Here, when the internal impedance of battery 1, which is an object to be measured, is relatively low, the AC component is smaller than the direct-current (DC) component in the voltage of battery 1. In such cases, measurement of the voltage of battery 1 is required to be synchronized with measurement of the current flowing through battery 1 and is required to be highly accurate. In order to achieve high measurement accuracy, it is necessary to reduce variations in the resistance values of the voltage divider resistors.

As a method of reducing variations in the resistance values of the voltage divider resistors may be, for example, measuring the voltage and the current of battery 1 a plurality of times, and then averaging the measurement results. However, when the current of battery 1 is measured a plurality of times, this lead to problems such as increase in the measurement time, decrease in the state of charge (SOC) of battery 1, and change in the temperature of battery 1, and thus the AC impedance of battery 1 could not be accurately measured.

In contrast, in measuring device 10b according to Embodiment 3, the configurations of voltage divider resistor component 2b and AD converter component 3 are respectively the same as the configurations of voltage divider resistor component 2 and AD converter component 3 of measuring device 10 according to Embodiment 1. Therefore, measuring device 10b according to Embodiment 3 can improve the measurement accuracy of the voltage of battery 1 as with measuring device 10 according to Embodiment 1 even when measurement is performed once, because variations in the voltage divider ratios and variations in the output values of AD converters 31 to 3n are both averaged and reduced, and are less likely to affect the measurement accuracy of the voltage of battery 1. Accordingly, measuring device 10b according to Embodiment 3 can measure the voltage and the current of battery 1 simultaneously, and it is sufficient to perform the measurement once. Therefore, the above-described problems do not occur in measuring device 10b according to Embodiment 3. Thus, measuring device 10b according to Embodiment 3 can improve the measurement accuracy of the AC impedance of battery 1 (object to be measured), and also reduce the measurement time.

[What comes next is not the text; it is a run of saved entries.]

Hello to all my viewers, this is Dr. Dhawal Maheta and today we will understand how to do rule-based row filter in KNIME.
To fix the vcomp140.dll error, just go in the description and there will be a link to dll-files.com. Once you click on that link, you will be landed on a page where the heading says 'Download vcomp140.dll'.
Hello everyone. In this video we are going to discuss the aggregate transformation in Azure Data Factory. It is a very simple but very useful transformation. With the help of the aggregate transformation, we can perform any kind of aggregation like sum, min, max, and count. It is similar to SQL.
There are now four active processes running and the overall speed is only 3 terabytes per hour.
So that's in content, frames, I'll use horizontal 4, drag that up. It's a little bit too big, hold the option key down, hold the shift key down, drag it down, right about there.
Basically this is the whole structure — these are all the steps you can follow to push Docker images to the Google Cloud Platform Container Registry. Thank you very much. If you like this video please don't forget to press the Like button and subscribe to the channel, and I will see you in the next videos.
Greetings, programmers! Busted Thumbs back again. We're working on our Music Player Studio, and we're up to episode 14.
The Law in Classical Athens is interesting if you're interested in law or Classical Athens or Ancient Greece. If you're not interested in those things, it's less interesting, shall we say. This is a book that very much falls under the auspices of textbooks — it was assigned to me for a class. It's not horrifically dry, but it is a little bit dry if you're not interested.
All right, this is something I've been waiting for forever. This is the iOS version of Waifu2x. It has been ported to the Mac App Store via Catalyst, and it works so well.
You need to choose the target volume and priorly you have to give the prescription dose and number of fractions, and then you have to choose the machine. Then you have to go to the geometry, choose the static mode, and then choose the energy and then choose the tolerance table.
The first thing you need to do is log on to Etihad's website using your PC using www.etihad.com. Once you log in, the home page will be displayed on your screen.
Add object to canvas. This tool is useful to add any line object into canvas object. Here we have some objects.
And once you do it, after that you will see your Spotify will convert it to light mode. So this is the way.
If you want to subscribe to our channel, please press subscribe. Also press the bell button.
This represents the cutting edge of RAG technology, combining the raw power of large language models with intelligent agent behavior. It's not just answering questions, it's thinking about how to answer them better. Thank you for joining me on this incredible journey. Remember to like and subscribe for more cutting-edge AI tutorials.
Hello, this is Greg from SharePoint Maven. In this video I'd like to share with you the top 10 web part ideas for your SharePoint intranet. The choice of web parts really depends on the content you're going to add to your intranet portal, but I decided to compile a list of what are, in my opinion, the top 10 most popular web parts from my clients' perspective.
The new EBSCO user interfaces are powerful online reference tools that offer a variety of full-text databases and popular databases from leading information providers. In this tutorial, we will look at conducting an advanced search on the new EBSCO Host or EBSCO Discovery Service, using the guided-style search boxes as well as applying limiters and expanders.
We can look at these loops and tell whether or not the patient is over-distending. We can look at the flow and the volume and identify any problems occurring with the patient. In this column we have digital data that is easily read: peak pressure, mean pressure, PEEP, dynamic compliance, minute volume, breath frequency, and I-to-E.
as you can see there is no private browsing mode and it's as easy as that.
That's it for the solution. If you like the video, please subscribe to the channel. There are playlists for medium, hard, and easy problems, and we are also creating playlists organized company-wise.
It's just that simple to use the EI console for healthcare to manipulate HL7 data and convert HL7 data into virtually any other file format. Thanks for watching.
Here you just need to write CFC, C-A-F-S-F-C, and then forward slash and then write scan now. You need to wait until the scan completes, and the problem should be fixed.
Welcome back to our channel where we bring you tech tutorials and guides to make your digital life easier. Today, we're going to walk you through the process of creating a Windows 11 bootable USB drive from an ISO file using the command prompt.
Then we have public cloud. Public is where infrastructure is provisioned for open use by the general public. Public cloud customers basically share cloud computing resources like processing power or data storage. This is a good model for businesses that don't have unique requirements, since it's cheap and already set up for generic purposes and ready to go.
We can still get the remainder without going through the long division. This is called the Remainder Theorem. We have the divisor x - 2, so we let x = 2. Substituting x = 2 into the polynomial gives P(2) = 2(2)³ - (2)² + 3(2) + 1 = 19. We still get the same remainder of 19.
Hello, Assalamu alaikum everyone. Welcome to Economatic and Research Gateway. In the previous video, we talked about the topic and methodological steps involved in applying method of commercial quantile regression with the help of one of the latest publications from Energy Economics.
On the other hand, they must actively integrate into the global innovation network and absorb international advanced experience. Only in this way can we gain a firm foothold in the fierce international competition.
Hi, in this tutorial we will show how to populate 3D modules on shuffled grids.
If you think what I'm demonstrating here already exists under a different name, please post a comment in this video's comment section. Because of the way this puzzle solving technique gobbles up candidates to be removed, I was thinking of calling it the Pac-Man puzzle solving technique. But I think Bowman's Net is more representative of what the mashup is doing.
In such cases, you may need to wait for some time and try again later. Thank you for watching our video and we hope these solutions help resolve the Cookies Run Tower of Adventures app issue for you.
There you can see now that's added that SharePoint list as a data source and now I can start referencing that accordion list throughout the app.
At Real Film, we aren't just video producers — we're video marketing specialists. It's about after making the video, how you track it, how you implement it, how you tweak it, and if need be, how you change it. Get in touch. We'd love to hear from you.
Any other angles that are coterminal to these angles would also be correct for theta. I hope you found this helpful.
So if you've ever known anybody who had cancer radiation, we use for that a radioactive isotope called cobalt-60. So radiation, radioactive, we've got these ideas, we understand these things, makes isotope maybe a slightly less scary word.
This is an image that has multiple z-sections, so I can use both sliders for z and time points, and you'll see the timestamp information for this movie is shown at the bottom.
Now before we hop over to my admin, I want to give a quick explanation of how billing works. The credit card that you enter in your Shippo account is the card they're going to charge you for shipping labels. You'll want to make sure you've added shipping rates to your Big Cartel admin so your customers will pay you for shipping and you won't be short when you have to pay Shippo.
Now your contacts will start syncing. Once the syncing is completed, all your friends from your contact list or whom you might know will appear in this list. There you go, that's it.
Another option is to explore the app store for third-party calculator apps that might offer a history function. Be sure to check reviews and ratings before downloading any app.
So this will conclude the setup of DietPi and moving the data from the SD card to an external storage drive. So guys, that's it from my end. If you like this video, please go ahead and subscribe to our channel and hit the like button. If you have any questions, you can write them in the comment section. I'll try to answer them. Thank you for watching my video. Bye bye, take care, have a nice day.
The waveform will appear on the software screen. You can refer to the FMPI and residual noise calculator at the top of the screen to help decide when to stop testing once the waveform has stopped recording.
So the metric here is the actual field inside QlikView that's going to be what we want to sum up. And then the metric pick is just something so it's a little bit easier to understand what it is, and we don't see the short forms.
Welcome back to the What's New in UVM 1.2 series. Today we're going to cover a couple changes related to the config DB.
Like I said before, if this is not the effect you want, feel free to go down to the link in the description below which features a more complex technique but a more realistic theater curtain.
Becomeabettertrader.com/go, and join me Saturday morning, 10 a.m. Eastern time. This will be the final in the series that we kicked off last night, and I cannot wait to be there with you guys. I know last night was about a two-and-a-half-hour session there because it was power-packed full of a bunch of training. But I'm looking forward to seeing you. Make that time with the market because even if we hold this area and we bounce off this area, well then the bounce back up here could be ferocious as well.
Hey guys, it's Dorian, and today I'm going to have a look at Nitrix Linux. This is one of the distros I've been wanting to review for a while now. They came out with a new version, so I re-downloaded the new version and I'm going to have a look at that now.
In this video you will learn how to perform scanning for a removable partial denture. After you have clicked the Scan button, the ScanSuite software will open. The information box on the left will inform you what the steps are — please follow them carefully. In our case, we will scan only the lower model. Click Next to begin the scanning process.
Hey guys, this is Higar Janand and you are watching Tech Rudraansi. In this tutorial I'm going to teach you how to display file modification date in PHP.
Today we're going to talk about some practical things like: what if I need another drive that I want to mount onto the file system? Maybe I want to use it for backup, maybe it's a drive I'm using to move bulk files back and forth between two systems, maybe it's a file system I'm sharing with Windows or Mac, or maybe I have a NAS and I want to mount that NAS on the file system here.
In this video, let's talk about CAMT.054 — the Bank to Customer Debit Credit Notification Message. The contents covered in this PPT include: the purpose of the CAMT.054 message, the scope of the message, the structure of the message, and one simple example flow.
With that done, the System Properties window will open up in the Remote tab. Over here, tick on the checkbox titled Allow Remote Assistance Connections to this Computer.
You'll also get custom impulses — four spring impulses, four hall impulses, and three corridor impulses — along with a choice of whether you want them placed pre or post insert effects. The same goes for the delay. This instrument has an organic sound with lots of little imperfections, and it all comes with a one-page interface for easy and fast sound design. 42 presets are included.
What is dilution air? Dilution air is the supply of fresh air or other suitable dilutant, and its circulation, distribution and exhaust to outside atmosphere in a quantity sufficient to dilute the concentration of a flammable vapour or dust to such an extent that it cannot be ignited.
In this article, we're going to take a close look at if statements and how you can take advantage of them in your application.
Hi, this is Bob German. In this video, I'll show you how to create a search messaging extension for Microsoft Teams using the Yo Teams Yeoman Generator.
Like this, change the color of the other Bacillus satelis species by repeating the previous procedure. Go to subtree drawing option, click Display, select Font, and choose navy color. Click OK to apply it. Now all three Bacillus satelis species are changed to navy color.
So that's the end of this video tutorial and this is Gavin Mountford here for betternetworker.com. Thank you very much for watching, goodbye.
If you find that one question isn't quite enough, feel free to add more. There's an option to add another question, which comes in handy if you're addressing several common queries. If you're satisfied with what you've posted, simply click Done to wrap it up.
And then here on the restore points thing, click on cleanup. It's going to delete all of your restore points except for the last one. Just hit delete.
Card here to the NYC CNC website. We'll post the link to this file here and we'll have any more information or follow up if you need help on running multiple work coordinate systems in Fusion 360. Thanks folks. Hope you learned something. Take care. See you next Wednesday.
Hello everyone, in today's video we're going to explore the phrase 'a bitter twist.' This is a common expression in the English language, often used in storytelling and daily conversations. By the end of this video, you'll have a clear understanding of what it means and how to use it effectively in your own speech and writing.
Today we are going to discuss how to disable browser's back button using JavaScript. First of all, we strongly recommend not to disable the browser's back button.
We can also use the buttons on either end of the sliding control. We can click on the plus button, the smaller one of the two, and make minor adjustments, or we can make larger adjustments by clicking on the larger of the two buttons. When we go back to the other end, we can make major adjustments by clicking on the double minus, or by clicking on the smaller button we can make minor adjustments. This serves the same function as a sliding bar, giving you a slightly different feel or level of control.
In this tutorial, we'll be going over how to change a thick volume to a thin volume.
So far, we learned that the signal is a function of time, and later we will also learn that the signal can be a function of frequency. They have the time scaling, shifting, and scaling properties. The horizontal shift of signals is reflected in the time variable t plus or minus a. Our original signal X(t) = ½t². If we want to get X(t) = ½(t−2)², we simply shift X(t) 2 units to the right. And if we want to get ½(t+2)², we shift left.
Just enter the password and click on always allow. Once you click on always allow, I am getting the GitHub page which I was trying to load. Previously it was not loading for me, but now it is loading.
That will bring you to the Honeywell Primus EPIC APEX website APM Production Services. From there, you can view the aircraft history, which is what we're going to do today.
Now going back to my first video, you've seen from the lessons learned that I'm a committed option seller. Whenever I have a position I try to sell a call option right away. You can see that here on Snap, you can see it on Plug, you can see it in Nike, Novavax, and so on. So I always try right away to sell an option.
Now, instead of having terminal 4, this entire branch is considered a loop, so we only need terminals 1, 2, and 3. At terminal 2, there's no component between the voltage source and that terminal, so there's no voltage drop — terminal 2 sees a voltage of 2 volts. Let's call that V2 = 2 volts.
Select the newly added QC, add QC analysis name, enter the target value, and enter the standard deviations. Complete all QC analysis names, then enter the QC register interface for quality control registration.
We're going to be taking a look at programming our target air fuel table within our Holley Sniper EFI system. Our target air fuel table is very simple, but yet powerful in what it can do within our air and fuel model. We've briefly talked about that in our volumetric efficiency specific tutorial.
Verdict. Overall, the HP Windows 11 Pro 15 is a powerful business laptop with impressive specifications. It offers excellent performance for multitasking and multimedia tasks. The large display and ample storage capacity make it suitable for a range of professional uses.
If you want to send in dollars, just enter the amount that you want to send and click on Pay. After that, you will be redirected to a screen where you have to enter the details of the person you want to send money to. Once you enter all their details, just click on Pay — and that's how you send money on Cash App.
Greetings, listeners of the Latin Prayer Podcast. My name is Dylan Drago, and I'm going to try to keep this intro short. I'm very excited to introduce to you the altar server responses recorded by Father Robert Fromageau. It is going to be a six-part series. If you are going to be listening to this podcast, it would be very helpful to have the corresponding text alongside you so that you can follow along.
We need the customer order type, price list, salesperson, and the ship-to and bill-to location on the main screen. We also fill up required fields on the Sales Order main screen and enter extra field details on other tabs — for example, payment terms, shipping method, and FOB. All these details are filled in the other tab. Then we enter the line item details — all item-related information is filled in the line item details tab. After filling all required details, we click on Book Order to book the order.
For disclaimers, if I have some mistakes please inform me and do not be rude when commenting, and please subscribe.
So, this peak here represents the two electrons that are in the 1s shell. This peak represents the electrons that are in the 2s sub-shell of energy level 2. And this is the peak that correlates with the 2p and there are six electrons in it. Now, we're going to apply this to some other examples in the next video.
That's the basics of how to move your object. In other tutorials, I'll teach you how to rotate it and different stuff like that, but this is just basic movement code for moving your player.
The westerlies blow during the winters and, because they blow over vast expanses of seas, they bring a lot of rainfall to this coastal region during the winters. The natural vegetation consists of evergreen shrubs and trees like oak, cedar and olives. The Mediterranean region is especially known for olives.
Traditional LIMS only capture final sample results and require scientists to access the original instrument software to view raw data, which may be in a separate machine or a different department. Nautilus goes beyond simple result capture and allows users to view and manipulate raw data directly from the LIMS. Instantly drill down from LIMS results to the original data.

Note that in Embodiment 3, calculator 4b calculates the AC impedance of battery 1 from the average value of the plurality of (here, n) first digital data items and the second digital data item, but the present disclosure is not limited to this. For example, calculator 4b may calculate the AC impedance of battery 1 by calculating a plurality of AC impedances from combinations of each of the first digital data items with the second digital data item, and calculating the average value of the plurality of AC impedances calculated.

Moreover, in Embodiment 3, detection resistor Rs of current detection component 5 may be replaced with a circuit in which a plurality of detection resistors are connected in parallel. In this case, variations in the resistance values of the detection resistors can be reduced, and thus the accuracy of the resistance values of the detection resistors is less likely to affect the measurement accuracy of the current of battery 1. Therefore, the measurement accuracy of the current of battery 1 can be improved.

As described above, measuring device 10b according to Embodiment 3 is useful as a device that measures the AC impedance of battery 1, for example, when battery 1 is a relatively high voltage battery such as a cell stack, or when battery 1 is a battery pack whose voltage per cell cannot be measured.

Embodiment 4

FIG. 4 is a circuit block diagram illustrating a configuration of measuring device 10c according to Embodiment 4. As illustrated in FIG. 4, measuring device 10c according to Embodiment 4 is different from measuring device 10b according to Embodiment 3 in that measuring device 10c includes voltage divider resistor component 2c instead of voltage divider resistor component 2b (see FIG. 3), and voltage divider resistor component 2c does not include voltage divider resistor Rm and capacitor Cm. Moreover, the function of calculator 4c of measuring device 10c according to Embodiment 4 is different from the function of calculator 4b of measuring device 10b according to Embodiment 3. Note that description of points in common to measuring device 10b according to Embodiment 3 will be basically omitted.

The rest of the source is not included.